But wait a minizel. That's for the int data type. And, well, it turns out that int kinda sucks. Yeah, schlepping ints around isn't what fast code does these days - it works on floating point. Image and video decoding, and audio processing - they all need lots of floating point computation these days. So the CPU designers put a lot of work to make that efficient.

For float it's exactly 100 instructions, completely unrolled (no iterations, just stright-line code).

For double, with -O3 -march=skylake-avx512 -funroll-loops it's unrolled into 3 large iterations, with 47 instructions in the loop body. Everything is vectorized, the pipelines run hot and heavy, and you're getting all the money you paid for that expensive CPU back. Finally.

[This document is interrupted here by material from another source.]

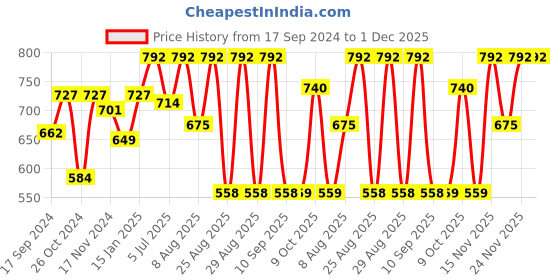 myntra.com WineRed Green Floral Embroidered Puff Sleeves A-Line Top winered Price History Graph from 17 Sep 2024 to 1 Dec 2025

But we're forcing compiler's hand - again. It turns out that unrolling that loop that much isn't always critical - it depends on what CPU you run it on, and the benefits are somewhat dwarfed by expansion of the code. In production you'd want to have this function compiled two different ways, benchmark it on startup, and choose the faster one. Without -funroll-loops, the entire test3 function is 32 instructions long, and iterates the loop body 24 times. Each iteration exchanges over 120 bytes of data with RAM (total of reads and writes) in 6 instructions. That's 20 bytes per instruction on average (this is really approximate, I've not looked too closely).

From my cursory measurements it looks like this double variant runs at an order of magnitude (!) higher memory bandwidth than the original int version.

It was a fun adventure for sure.

And by the way - because it has to be said: modern compilers are marvels of engineering. I'm not exaggerating. You really have to head to https://godbolt.org and have a go at it yourself!